(Scraped caption text data)
------------------------------------
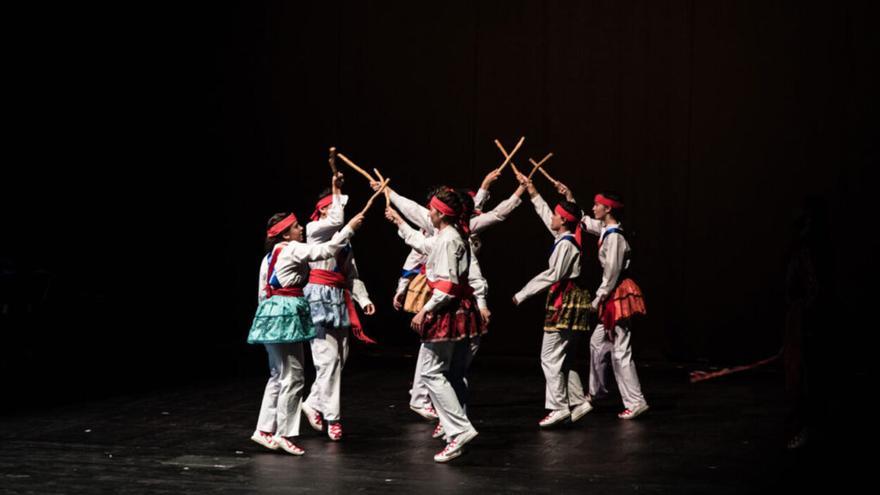 El quiosco de cristal y el festival de folklore toman el relevo al jazz en Getxo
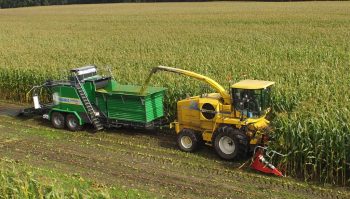 Enrubanner tout fourrage à la ferme ou au champ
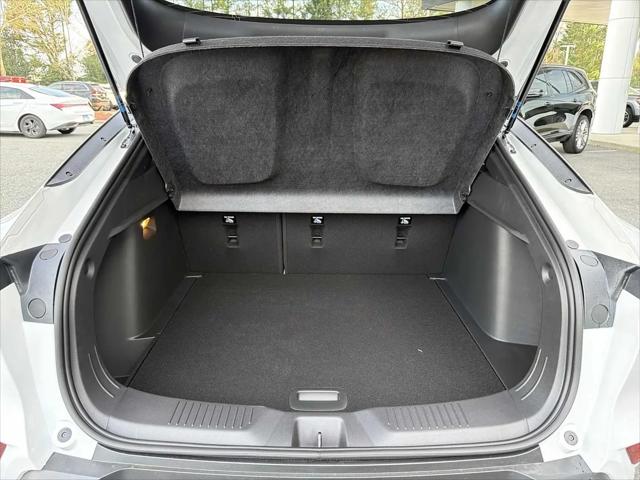 2026 Buick NV Preferred FWD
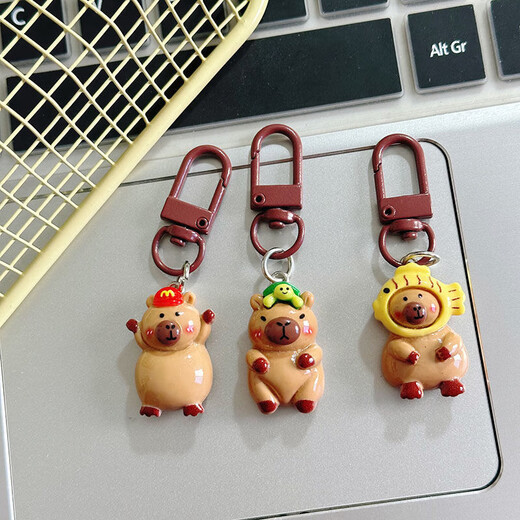 Mignon Kapibala Keychain Pendant Student Schoolbag Cartoon Hanging Ornement Girl Accessoires Accessoires pour le meilleur ami 3 forfaits (modèle aléatoire)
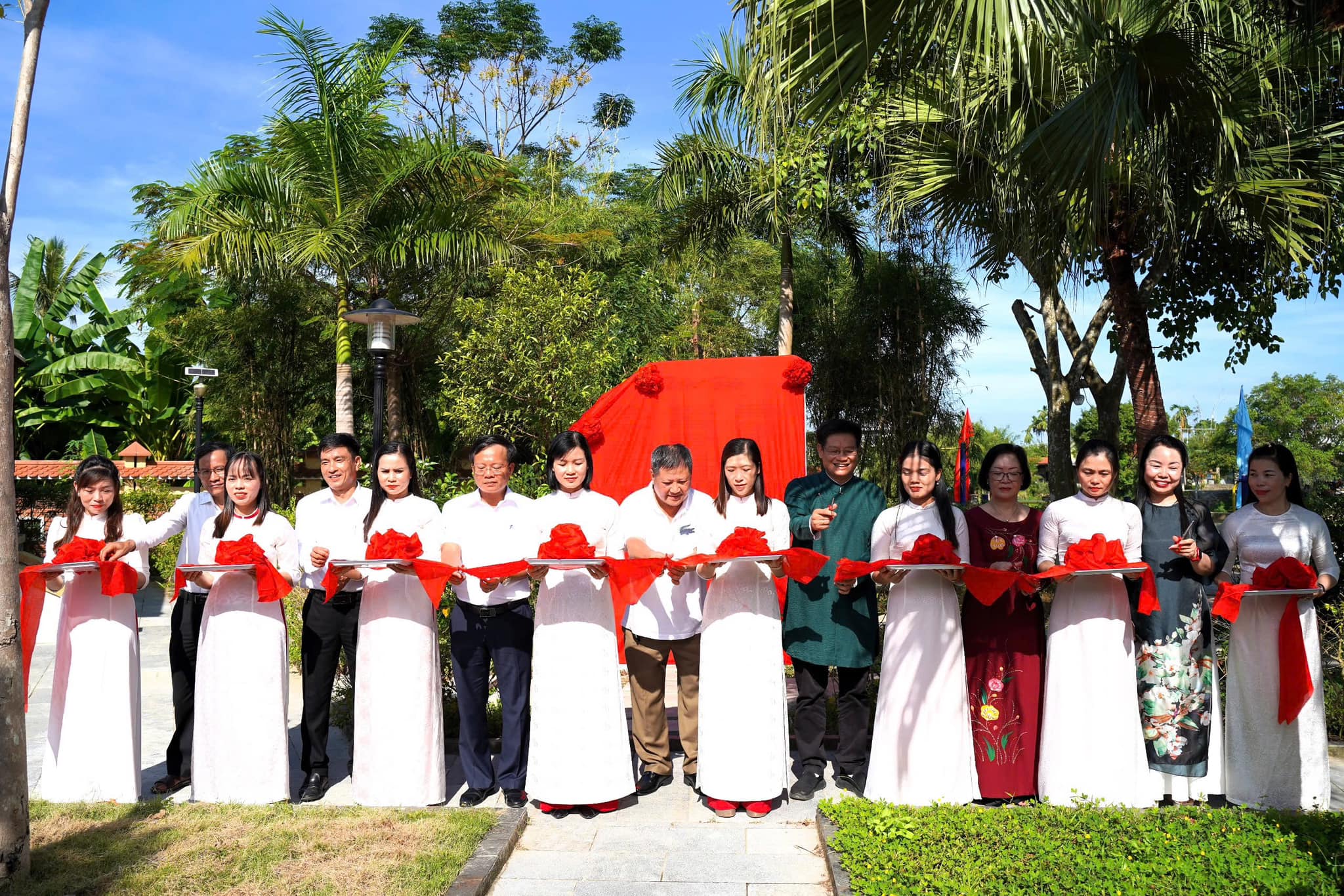 Nhà lưu niệm Tố Hữu đón văn bia bài thơ Việt Bắc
------------------------------------
*Task instructions*:
Output the records above unchanged, minus their pictures.

*Final answer*:
 El quiosco de cristal y el festival de folklore toman el relevo al jazz en Getxo
 Enrubanner tout fourrage à la ferme ou au champ
 2026 Buick NV Preferred FWD
 Mignon Kapibala Keychain Pendant Student Schoolbag Cartoon Hanging Ornement Girl Accessoires Accessoires pour le meilleur ami 3 forfaits (modèle aléatoire)
 Nhà lưu niệm Tố Hữu đón văn bia bài thơ Việt Bắc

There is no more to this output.